Wolfgang Wagner with Wieland Wagner and Adolf Hitler
Hitler in posed portrait with Wieland (l.) and Wolfgang (r.) Wagner

 

Comments

  • David Osborne says:

    Were they lost? I’m pretty sure Wolfgang’s son Gottfried writes about these in his book.

    • Theodore McGuiver says:

      Aren’t they the rolls Gottfried found in a motorcar sidecar in the garage? There’s something about it in his book.

    • John Borstlap says:

      The archives at Bayreuth have as yet not been examined entirely, because of apparently sensitive material being buried there; eager musicologists, historians, Slipped Disc, and the international scandal press have to be very patient.

      It is, in itself, a very odd thing that the heritage of a composer which in this case includes a theatre, is run by his offspring, as if they would be the best possible executives. The same problem as with monarchy and as crazy.

      • DESR says:

        Oh stop being so insufferably Americano-pomposo!
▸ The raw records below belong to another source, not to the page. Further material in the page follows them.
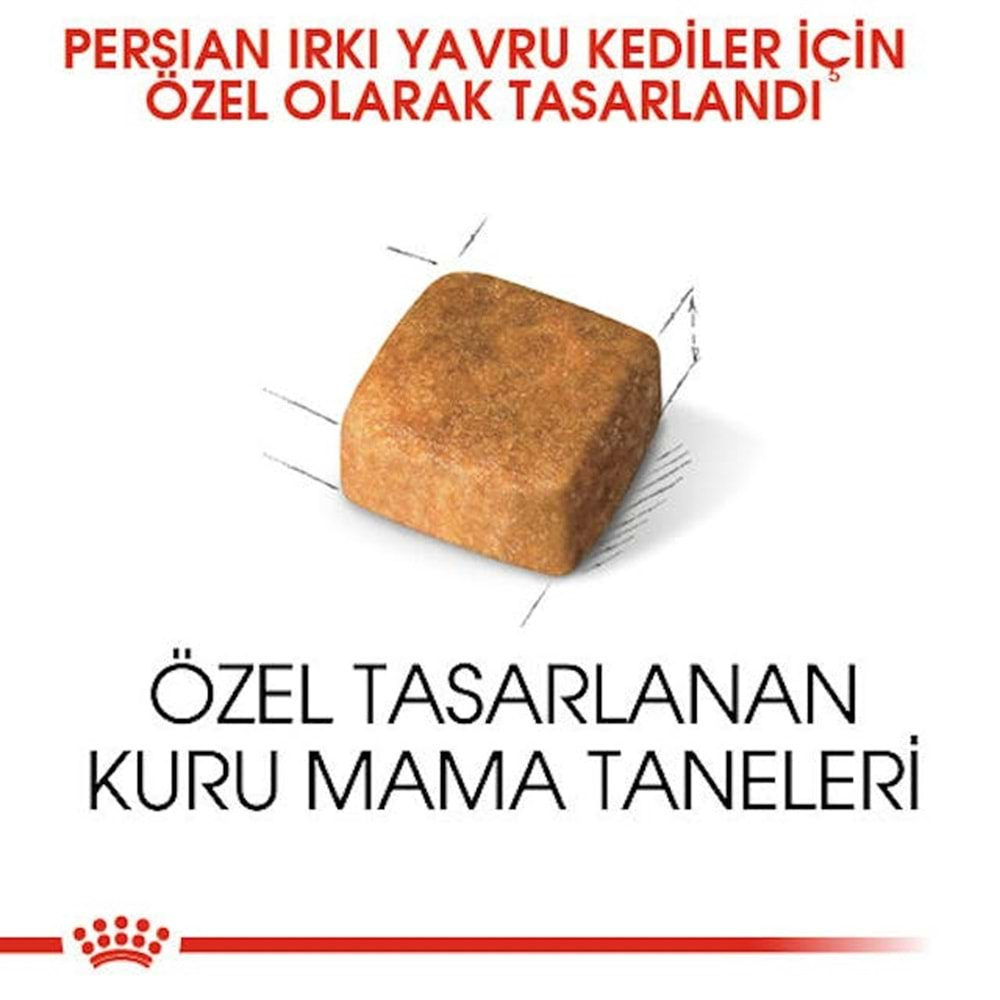 Royal Canin Persian Kitten Kedi Maması 2 Kg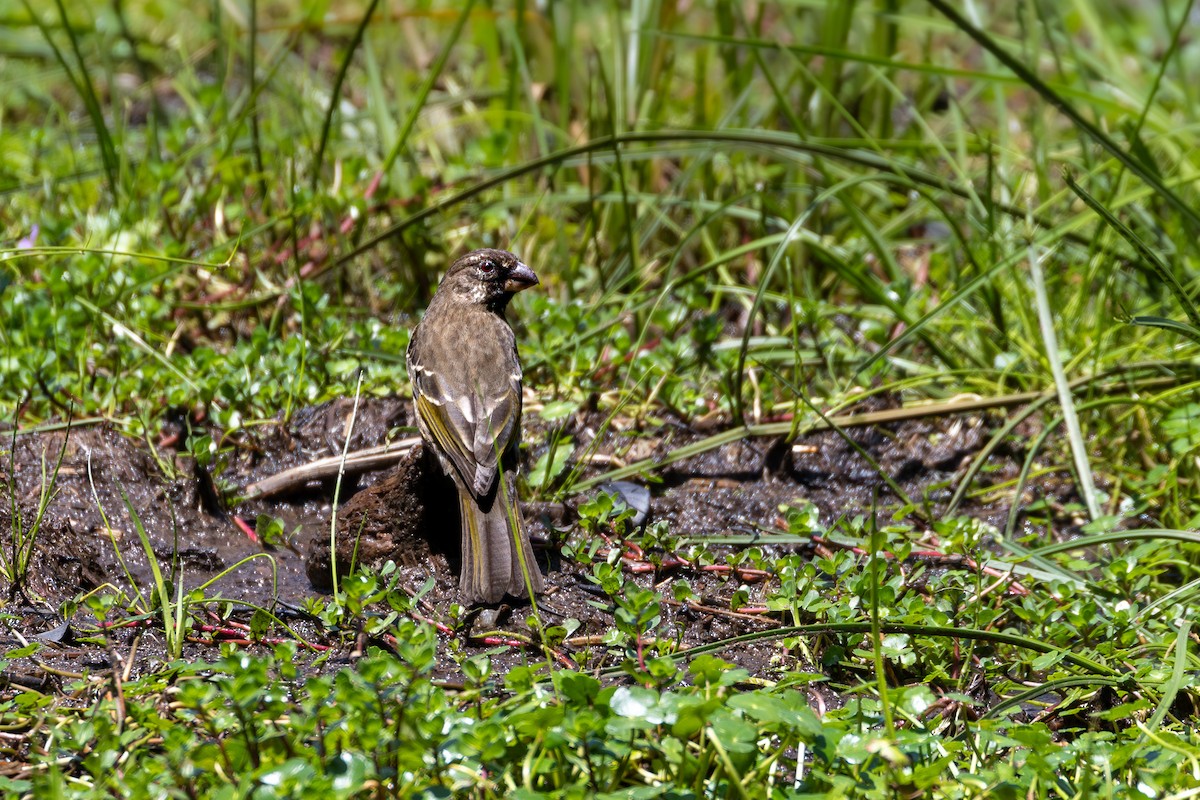 zvonohlík tmavý - ML633182459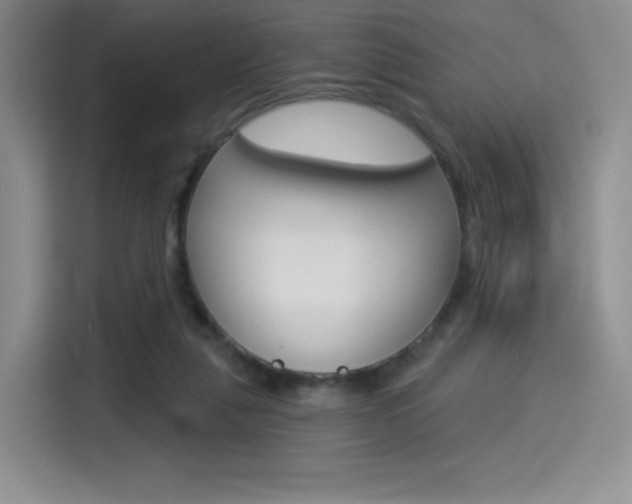 X0000114490259200910191122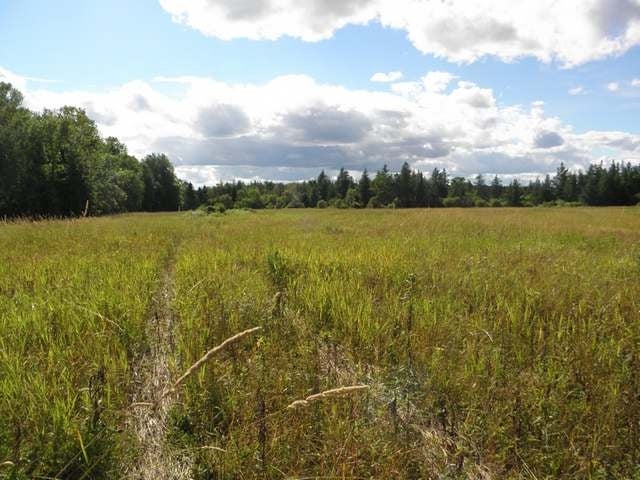 On Woodlawn Road Kennan, WI 54537 - Photo 17 of 20 Gallery Image 17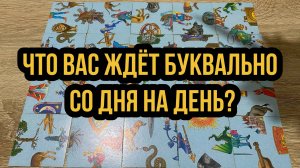 💰ЧТО ВАС ЖДЁТ БУКВАЛЬНО СО ДНЯ НА ДЕНЬ⁉️гадание пасьянс Tarot Reading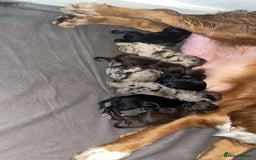 Cockapoo dogs for sale: 8 beautiful F1 cockerpoos. 6 weeks old - Advert 2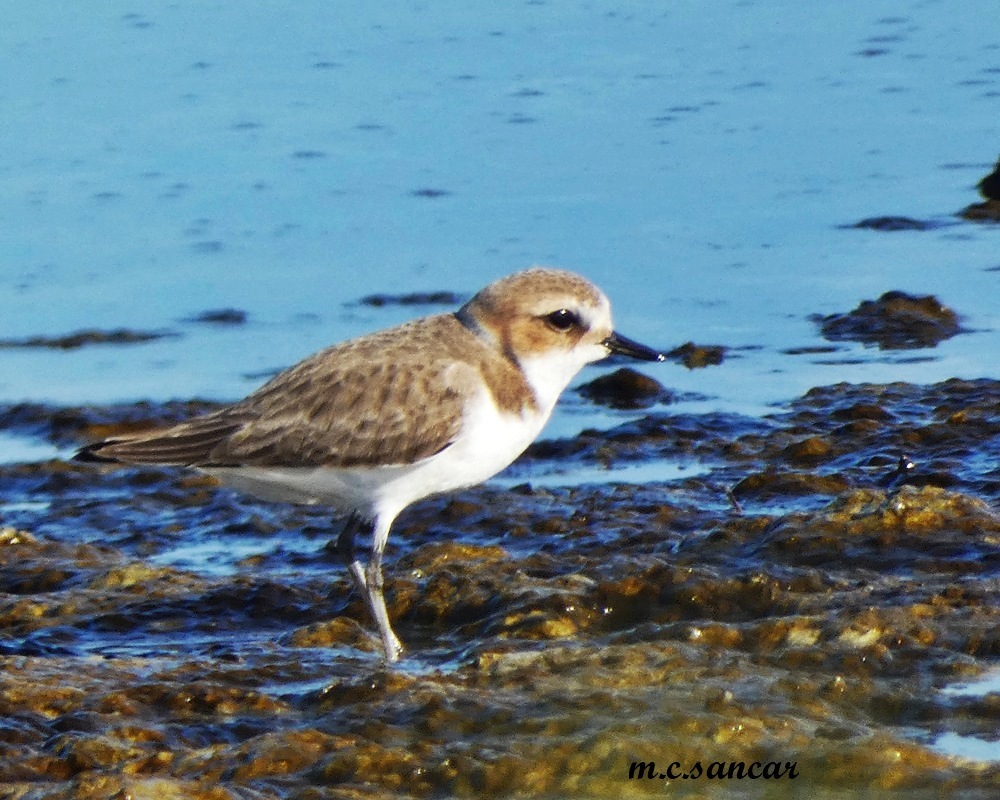 Kentish Plover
        You with your Bush and Clinton dynasties have no high ground on monarchical or oligarchic power.

        Bayreuth is basically still a family business, and the Wagners are the closest the Germans have to royalty, at least in its modern celebrity sense. They are just quite clever in that they have got the lander and federal govts to pony up.
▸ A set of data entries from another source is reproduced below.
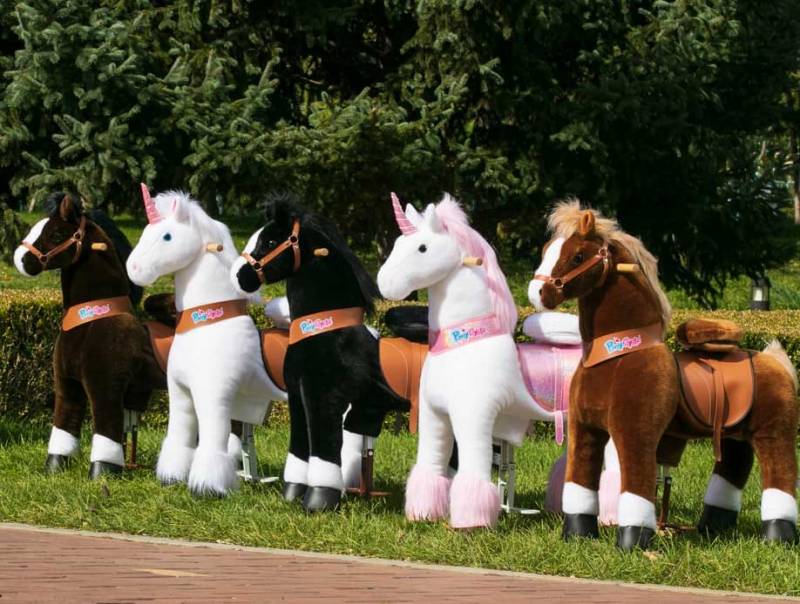 Animation petit poney pour pack enfant à Marseille et AIX EN PROVENCE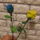 Sarga_kekkel_535314_72791_t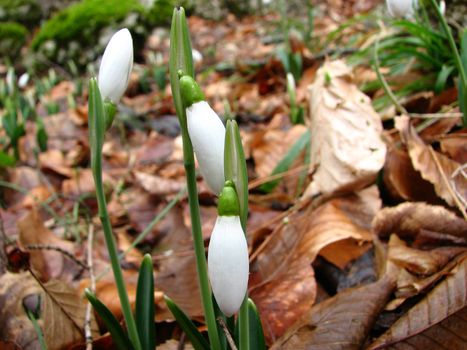 
White snowdrops are blooming in a mountain forest
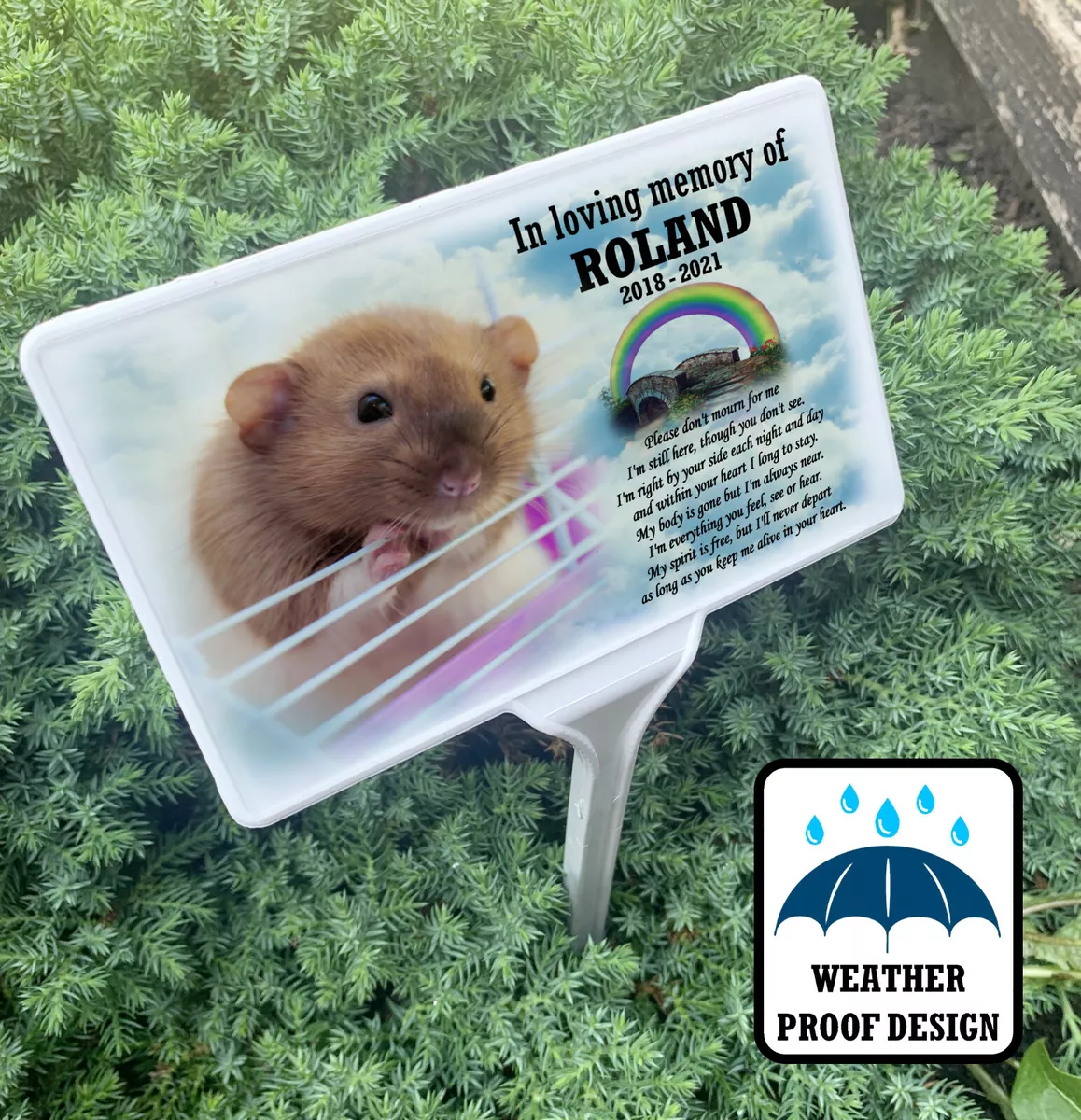Pet rat memorial sales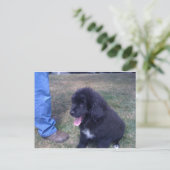 Lovely Newfie puppy (hondenras Newfoundland) Briefkaart (Staand voorkant)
        Part of this gradual perestroika is therefore familial politesse and nil nisi bonum… Patience, as you say!

        • Jaybuyer says:

          “I’d like that translated, if I may.” (Harold Macmillan)

        • Peter says:

          Germans DO have royalty. They are called Windsor and are the sovereigns of Britannia. They had to change their name of ‘von Sachen-Coburg und Gotha’ to Windsor due to anti German sentiments during WWI

          • Jaybuyer says:

            And they even call the Queen ‘die Queen’ (all other bicycling European royalty ‘Königin’).

        • John Borstlap says:

          Wagner had envisaged his work and his theatre as a ‘gift to the nation’, but ‘the nation’ (the recently united German empire, in 1870), was not interested. Before the unification, the King of Bavaria wanted to accept the gift for Bavaria (which was then an independent country) and had a very big theatre designed for Munich. But the general opposition was so great, that Wagner abandoned the ‘gift’ idea and made it an entirely private enterprise in opposition to ‘the surrounding culture’, a place of musical pelgrimage for Wagnerians. The building of the theatre and the first festival was continuously burdened by money shortage and cash flow crises. So, it became a family business as a ‘plan B’, because W’s work was not as generally established as it is today. But in postwar Germany, Bayreuth could have become a national theatre, like other theatres. And today, were any opera house that wants to fill the hall only has to programme Wagner, there is no reason at all to have this theatre run by the family. And the reference to ‘royalty’ is ridiculous and embarrassing.

          (And I have never set a foot in America – just for the record.)

  • Mick says:

    A bunch of nazis. I wonder what their take on muslim immigration is

    • John Borstlap says:

      You really have to try to find your encyclopedia again.

    • Dirk Fischer says:

      I just spent a few days in Bayreuth and walked up the hill to have a look at the marvellous Festspielhaus. I was surprised to find a very honest and candid exhibition about the family’s history of anti-jewish sentiments in the surrounding parks, alongside an homage to many of the jewish (or supposedly so) artists who performed at the Festspiele and suffered a tragic fate. I was not aware of the fact that the Wagner’s seemingly deal with their history in such a remarkably responsible way.